My maternal grandmother was an awesome cook and baker, but she didn’t just share her delicious treats with her family. She always wanted to help others, and would made sandwiches to take to the homeless at the beach when she lived in Florida, and later, when she lived in West Virginia, would bake goodies for the monks who lived on a mountain nearby. She also opened and operated a bed and breakfast for a while, and then owned a restaurant and did catering.
I think she probably improvised a lot and kept recipes on little scraps of paper and notecards, but her food was so popular that she ended up writing and selling a cookbook in her town.
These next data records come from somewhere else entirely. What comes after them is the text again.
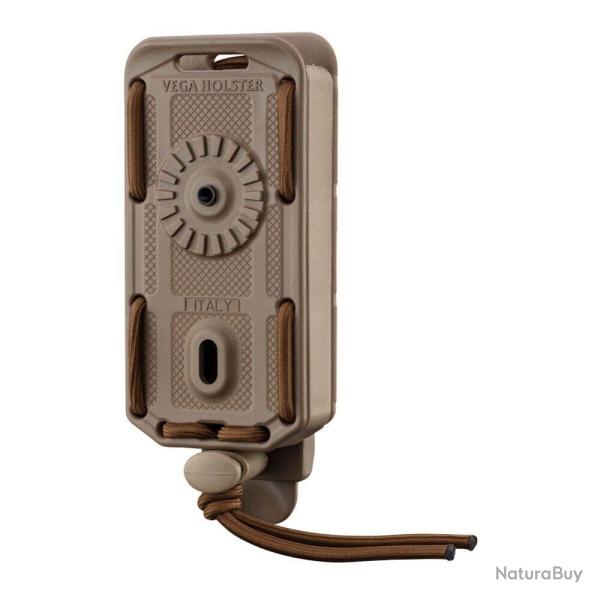 Porte chargeur pistolet VEGA BUNGY Noir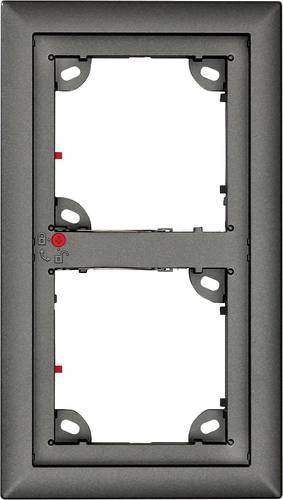 Mobotix MX-OPT-Frame-2-EXT-DG Türsprechanlagen-Zubehör Montagezubehör Dunkelgrau von Mobotix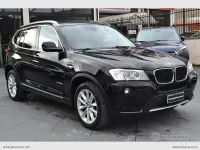 Usata BMW X3 184 CV (135 kW) 2013 Nero SUV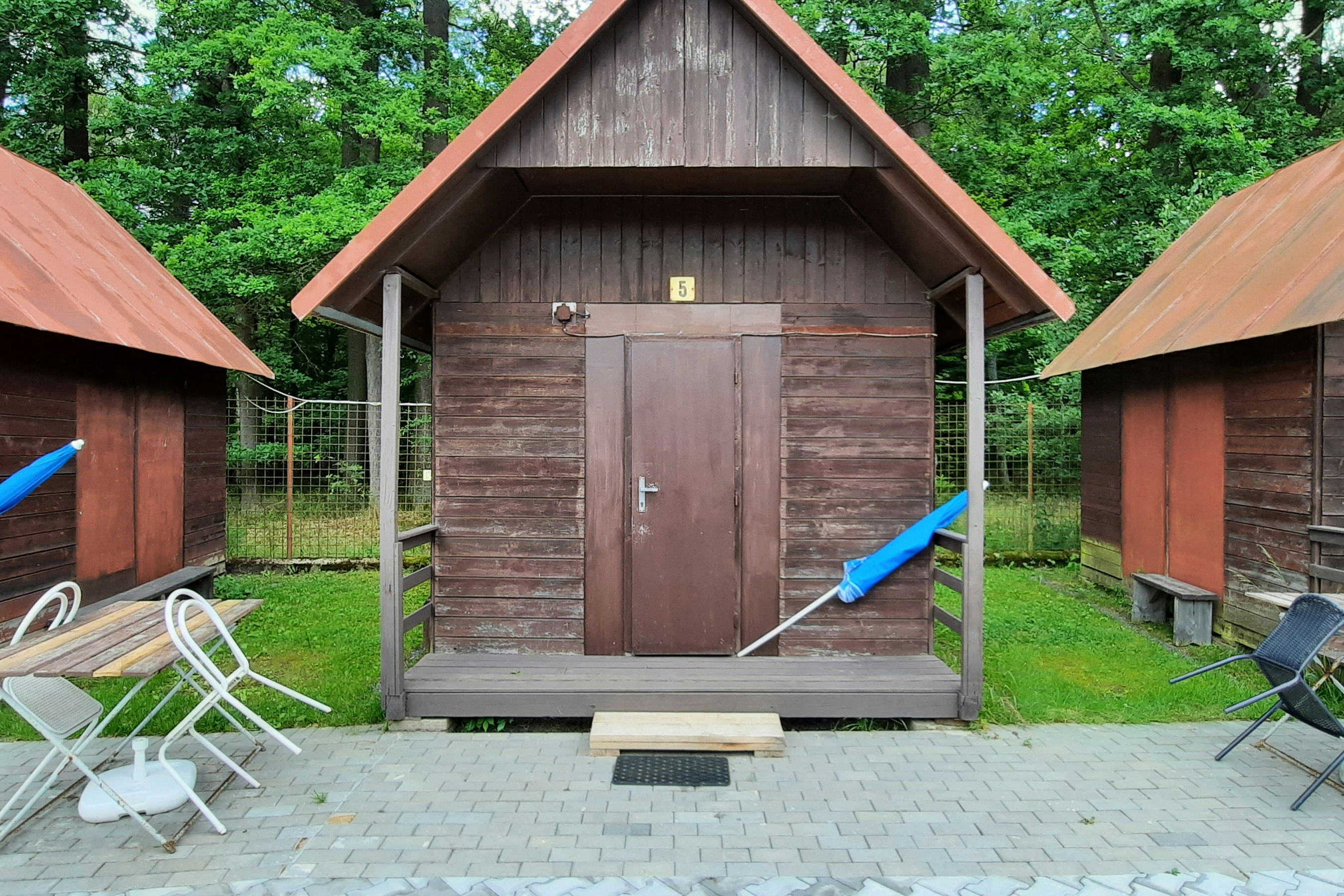 Autocamping Jadran - Novotny - Mobilheim auf dem Campingplatz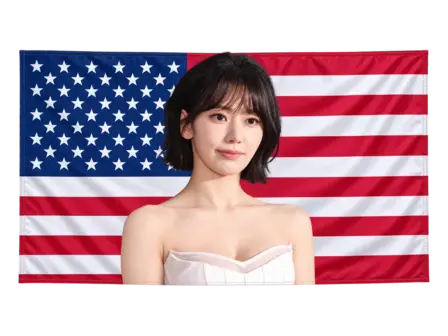 SAKURA — BANDERA ESTADOS UNIDOS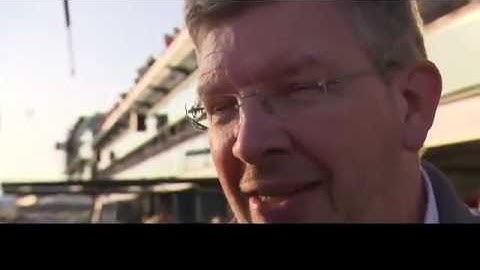 BBC Formula 1 2012 - 01 Australian GP - Brawn disappointed by Mercedes race.mp4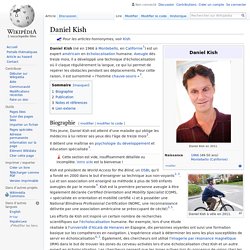Daniel Kish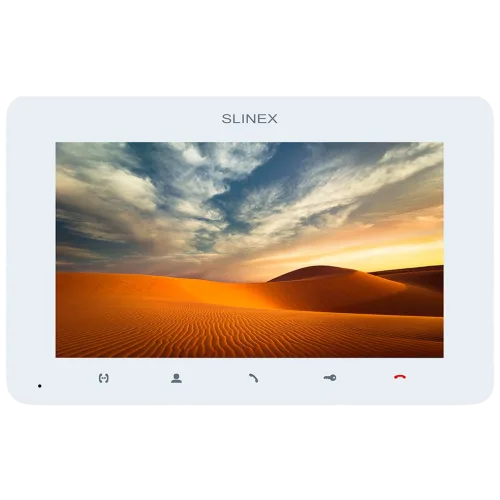 Відеодомофон 7" Slinex SM-07MN (white)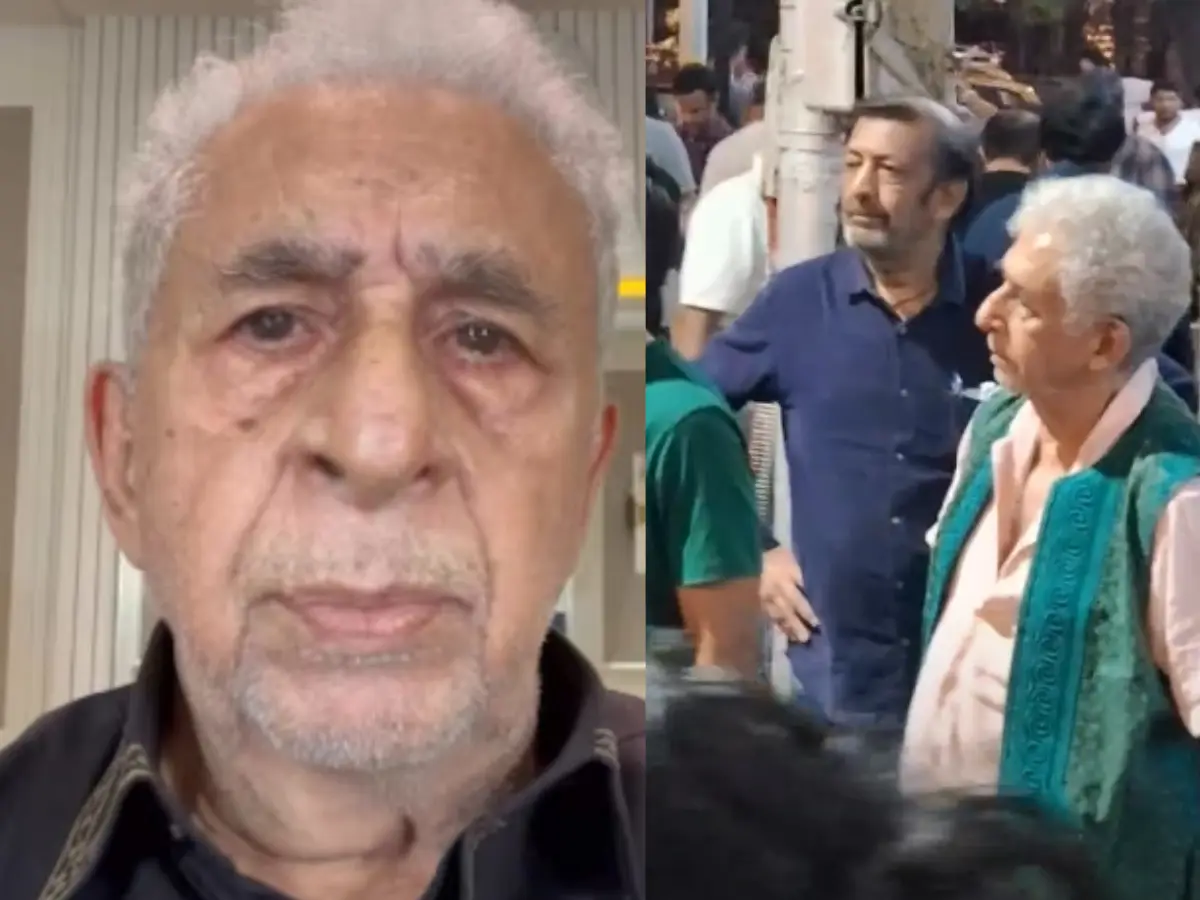 Naseeruddin Shah calls Delhi Police ‘hooligans’ like America's ICE agents, backs student protest Naseeruddin Shah calls Delhi Police ‘hooligans’ like America's ICE agents, backs student protest
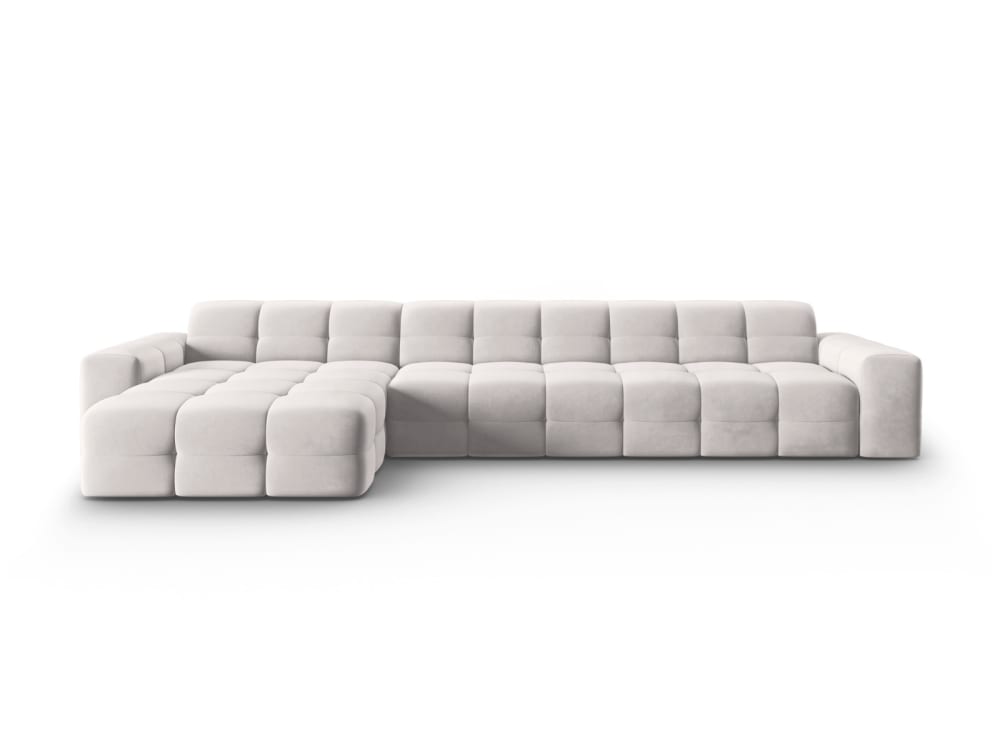 wohnli-moebel-suche-M23101487 Wohnli Möbelsuche - 5-Sitzer Ecksofa links aus Samt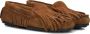 TORAL Mocassins Dames Otoe Fringes Maat: 39 Materiaal: Suède Kleur: Bruin - Thumbnail 1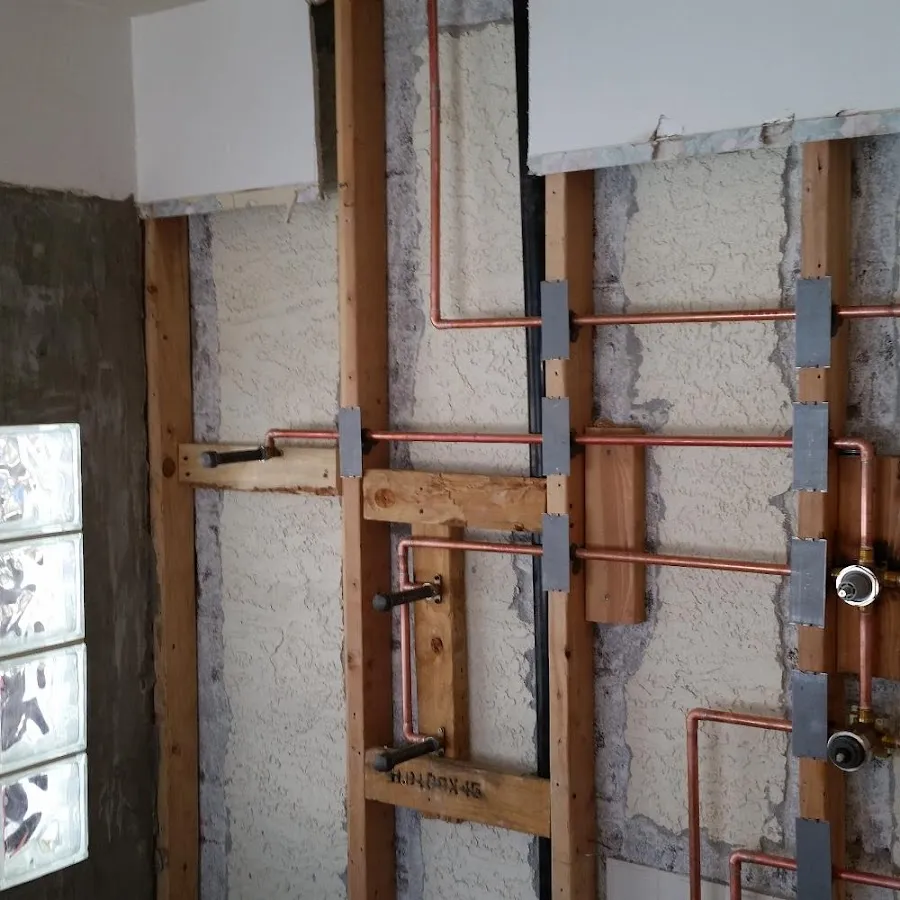 Copper pipe installation for Burst Pipe Repair in Red Chute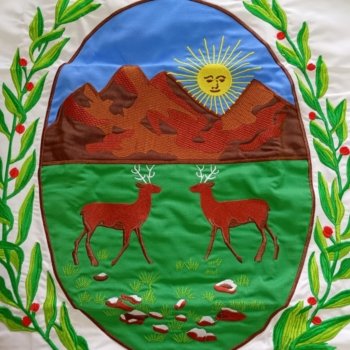 Bandera Ceremonia San Luis Primaria - Secundaria - Nuevo Milenio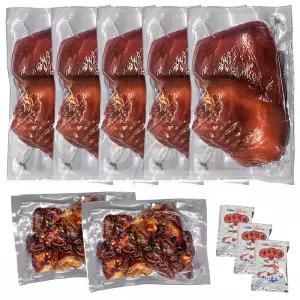 심가네 씨육수 뼈없는 족발 동대문 한방 씨 육수 순살 한입 미니 돼지 앞다리 족 족발 순살5팩+한입2팩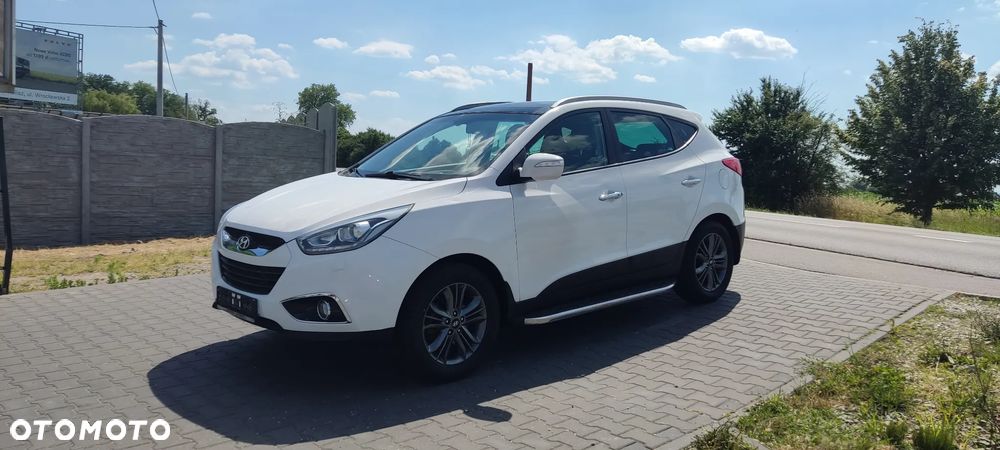 Hyundai ix35 blue 1.6 2WD Finale Gold - 2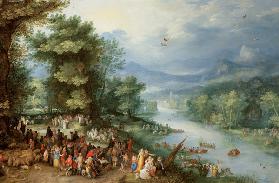 Landscape with Tobias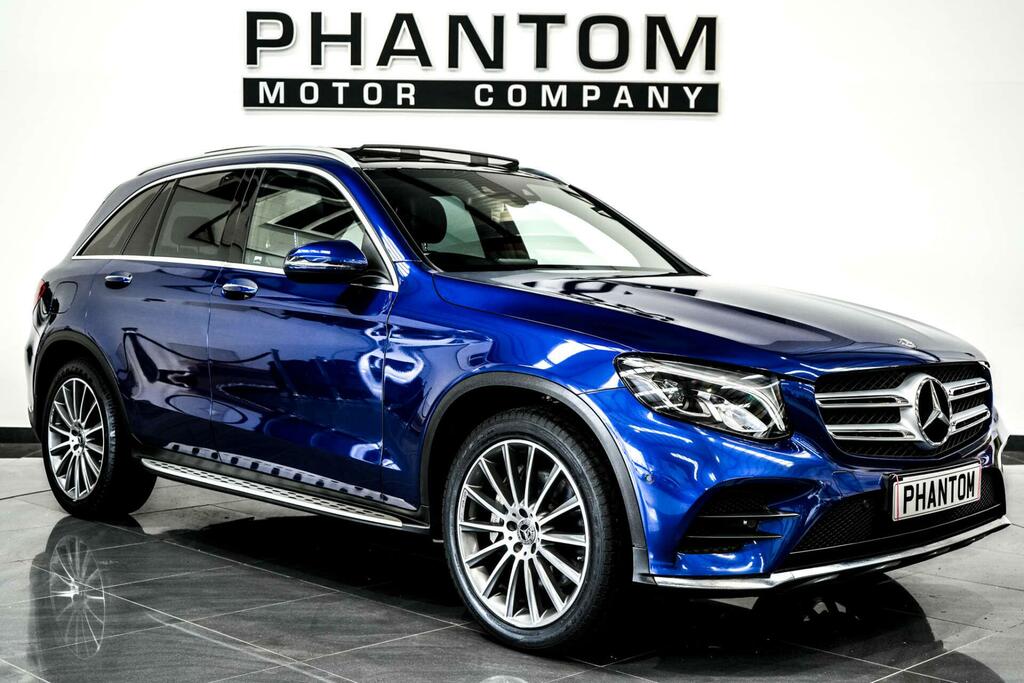 Mercedes-Benz GLC Class 2.1 Glc250d Amg Line Premium G-tronic 4Matic Eur Blue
One of the recipes in the cookbook is for a creamy butternut squash soup that sounded delicious and easy — but I decided to tweak it a bit to eliminate the dairy and make it vegan (though you don’t have to).
She would have definitely baked some fresh bread to go with the soup, but I didn’t make any this time. I do want to try the recipe for rolls that was printed with her name and photo in the Charleston, W.V., newspaper in the 50s, though.
Anyway, this soup is delicious and perfect for autumn (whether it’s 75 degrees outside or snowing). The apple and squash make it a bit sweet, but the stock, nutmeg and pepper give it enough savory flavor that it isn’t TOO sweet. And, of course, it would be perfect with some freshly baked bread.
Butternut squash soup (Adapted from my grandmother, serves 6-10)
1 butternut squash
1 medium onion
2 apples (Honeycrisp, Red Delicious, whatever you have)
2 tablespoons coconut oil (or unsalted butter)
3-4 cups low-sodium vegetable stock (chicken broth also works)
1 teaspoon nutmeg
1 cup coconut milk (or regular milk)
Salt and pepper to taste
Cut the butternut squash, use a spoon to scoop out the seeds and cut off the skin. Chop the squash into roughly 1-inch cubes. Chop the apples and onion.
Heat the coconut oil in a large stockpot over medium heat, then add the onion and apples. Allow to cook on medium for 5-10 minutes, stirring occasionally, until the onion is translucent. Add the butternut squash and cook, stirring occasionally, for an additional 10 minutes.
Add the stock (3 cups if you like a thicker soup, 4 cups if you like it a bit thinner) and nutmeg and turn the heat up to bring the mixture to a boil. Cover the pot and reduce the heat to low or low-medium and cook until the squash is tender, about 20 minutes.
Puree the mixture in a blender (or use a stick blender), then add coconut milk and stir well. Serve warm.